What is MapAnything?
MapAnything is a single transformer model that turns any set of 1–2 000 ordinary photos into a metric-accurate 3D point-cloud and full camera calibration in one forward pass—no bundle adjustment, no hand-tuned pipelines.
Why Do We Need Yet Another 3D Reconstruction Model?
Because every existing pipeline is still a Rube-Goldberg machine: feature extraction, matching, relative pose, triangulation, bundle adjustment, dense stereo, scale recovery, global alignment… swap one sensor and you re-write three modules.
MapAnything collapses the stack into one feed-forward network that
-
accepts images + optional intrinsics, poses or depth -
outputs metric 3D geometry + cameras for 12+ tasks -
trains once, runs zero iterations, releases under Apache 2.0
How MapAnything Works in 60 Seconds
-
Encode each image with DINOv2 ViT-L patches. -
Encode any extra geometric signals (rays, depth, quaternions, translations) into the same 1024-D token space. -
Push N-view tokens + a learnable scale token through a 24-layer alternating-attention transformer. -
Decode four factored quantities per view: -
unit ray directions Rᵢ (camera model) -
along-ray depth D̃ᵢ (up-to-scale) -
camera pose Pᵢ (4×4 matrix relative to view-1) -
global metric scale m (scalar, same for whole scene)
-
-
Combine: Xᵢ = m · (Rᵢ ⊙ D̃ᵢ) in world frame → metric point-cloud.
Inside the Architecture
Multi-Modal Encoder – Making Pixels & Geometry Speak One Language
Signal | Network | Output Token Shape |
---|---|---|
RGB | DINOv2 ViT-L/14 | 1024×H/14×W/14 |
ray/depth maps | 1-layer CNN + Pixel-Unshuffle | 1024×H/14×W/14 |
quaternions, translations, scales | 4-layer MLP | 1024-D global → broadcast |
All tokens are summed and Layer-Normalised so the transformer sees one homogeneous sequence.
Author’s reflection: The “sum-then-norm” trick feels almost too simple, yet ablations show it beats gated cross-attention on their data—sometimes elegance > complexity.
Alternating-Attention Transformer – Why Not Standard Self-Attention?
Pure self-attention costs O(N²H²W²) memory.

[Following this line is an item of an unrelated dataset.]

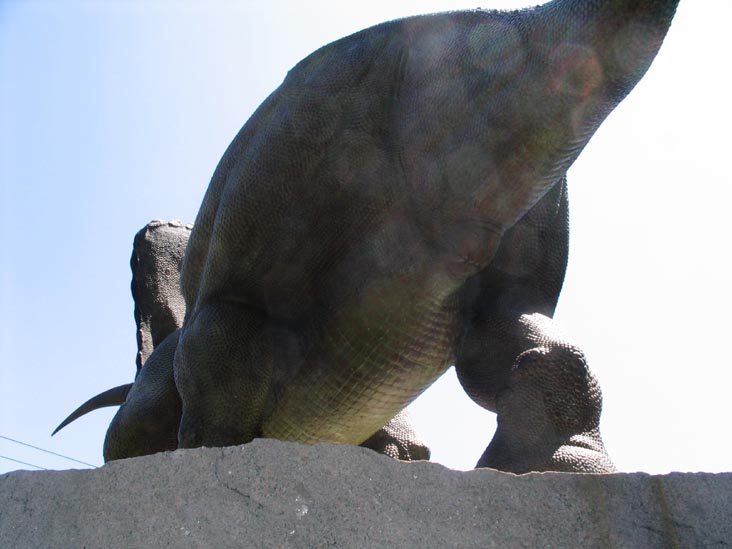 Torosaurus Latus Sculpture, Yale Peabody Museum, 170 Whitney Avenue, New Haven, Connecticut, July 14, 2006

MapAnything uses alternating blocks:
self-attention inside each view ↔ cross-attention across views.
Memory drops to O(N·H·W) while still letting every pixel peek at any other view when needed.
No rotary positional encoding—DINOv2’s patch grid already carries enough absolute position; adding RoPE actually hurts generalisation (Table S.3).
Factored Scene Representation – The Core Insight
Instead of predicting a coupled point-map, MapAnything decouples:
-
Per-view quantities: rays, depth, mask, confidence -
Global quantities: poses + single scale factor m
Benefits:
-
No redundancy – VGGT needs two heads for points & cameras; here one DPT head suffices. -
Mixed data – scale-free datasets (Colmap) train side-by-side with metric datasets (ScanNet++) because losses normalise by median norm. -
Heterogeneous inputs – if only view-7 has GPS pose, its scale token still supervises the global m.
Training Strategy – Teaching One Net to Handle 64 Input Recipes
Data Mix – 13 Datasets, One Loss
Split | Datasets | Metric? | License |
---|---|---|---|
Apache-6 | BlendedMVS, ScanNet++, TartanAirV2-WB, Spring, UnrealStereo4K, Mapillary | mixed | ✅ commercial |
Full-13 | +Aria-Synthetic, DL3DV-10K, MegaDepth, MVS-Synth … | mixed | academic only |
Total 1.8 M scenes; each scene pre-cut into covisible connected components (≥25% overlap).
During training randomly drop each geometric input with 50% probability; 5% of the time even drop the metric scale so the network learns to estimate absolute scale from images alone.
Curriculum & Hardware
-
64×H200 140 GB GPUs, two-stage curriculum: -
6 days, 4–24 views/batch, peak LR 5e-6 (DINOv2) / 1e-4 (random init) -
4 days, LR÷10, up to 1 536 effective batch size
-
-
Mixed-precision + gradient checkpointing → 42 K total steps, <10 GB per 518 px view on A100.
Author’s reflection: They train once and publish two checkpoints—Apache (commercial-safe) vs CC-BY-NC (higher num.)—a thoughtful detail for industry adopters worried about license contamination.
Benchmarks – Numbers That Matter
Multi-View Dense Reconstruction (50 views, ETH3D+SN++v2+TAv2)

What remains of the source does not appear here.